- A current account deficit occurs when a country spends more money on imports than it receives from its exports.
- A deficit of 5.5 per cent recorded in May this year was the highest in three years.
Kenya’s current account deficit widened to 5.4 per cent in 12 months to July compared to 4.9 per cent the same period last year.
The weekly Central Bank of Kenya bulletin has attributed the higher deficit to lower service receipts as well as high imports, which more than offset increased receipts from agricultural exports and remittances.
The country imported goods and services worth $5.5 billion (Sh594 billion) in 12 months to July compared to $5.1 billion (Sh550.8 billion) same period last year.
This is the second-highest deficit in two years since 2018 when the country recorded a 5.8 per cent trade shortfall with international partners.
A deficit of 5.5 per cent recorded in May this year was the highest in three years.
A current account deficit occurs when a country spends more money on imports than it receives from its exports.
Kenya's current account deficit touched a decade peak of 7.2 percent of GDP in 2017 as the country dealt with election-related uncertainty.
The negative trade was worsened by a weak local currency that dropped to an all-time low of Sh107.15 against the dollar.
Yesterday, the shilling touched six months low of 110.05 against the greenback, forcing importers to pay more.

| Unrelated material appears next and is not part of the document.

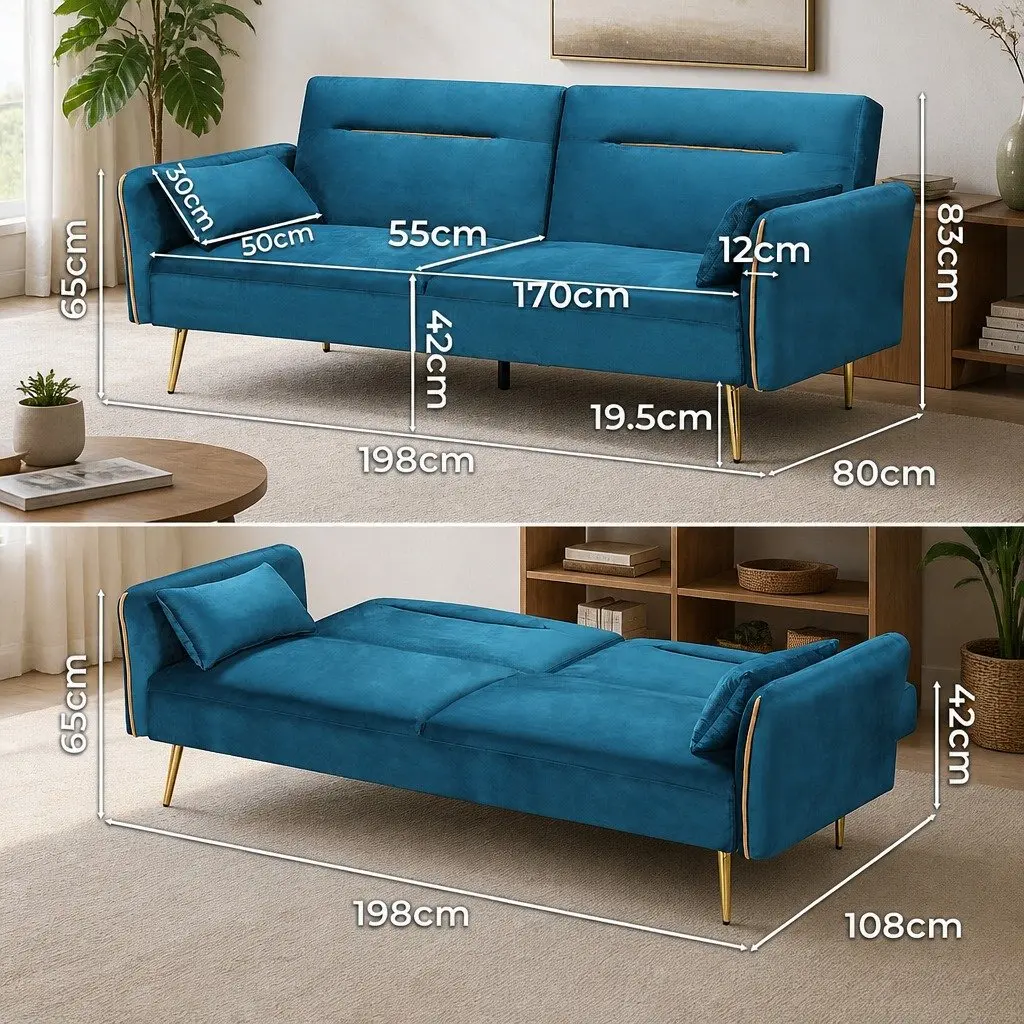 3-Seater Convertible Sofa Bed Futon Sleeper Couch Adjustable Backrest Lounger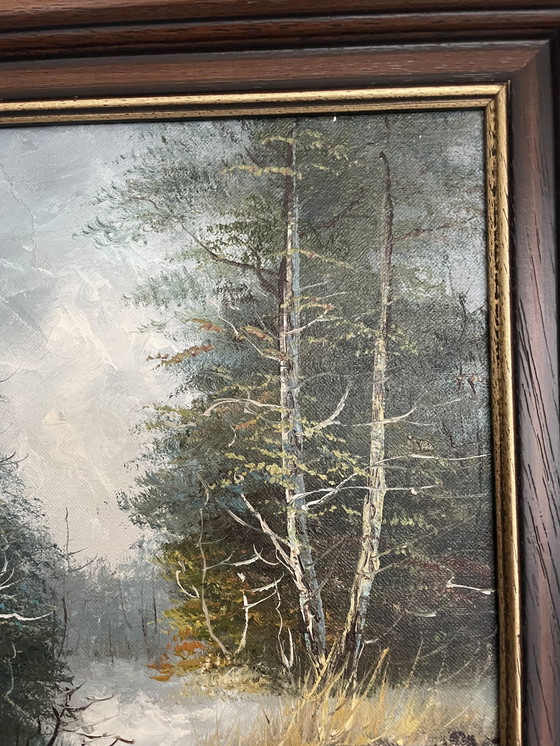 Image 1 of Tableau avec scène de forêt et faisan dans un cadre en bois original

Exports on the other hand earned more.
Kenya's total exports recorded $526.3 million in Jun 2021, compared to $587.7 million in May. Kenya's total exports data is updated monthly, available from Aug 1998 to Jun 2021, with an average value of 4415.4 million.
The data reached an all-time high of $621.9 million in Mar 2021 and a record low of $126.9 million in October 1999.
The country has been witnessing shrunk earnings from the export market for the past 15 months on social-economic challenges brought about by the Covid-19 pandemic that saw international borders closed for close to four months last year.
This negated gains from the service sector that accounts for almost 45 per cent of the country's gross domestic product.
Kenya's primary agricultural forex earners, tea and coffee suffered a major setback in the past 12 months after Covid-19 impacted negatively on demand for the commodities globally.
The country's earnings from tea in the first half of the year dropped by Sh5 billion.
Even so, earnings from horticulture in 12 months to July defied the Covid-19 hit to rise 8.5 percent to Sh1364 billion compared to a similar period a year earlier.
High imports and low exports continue to hurt the country's forex reserve which dropped to six week low of $8.883 billion or 5.43 months of import cover in the week ended September 2.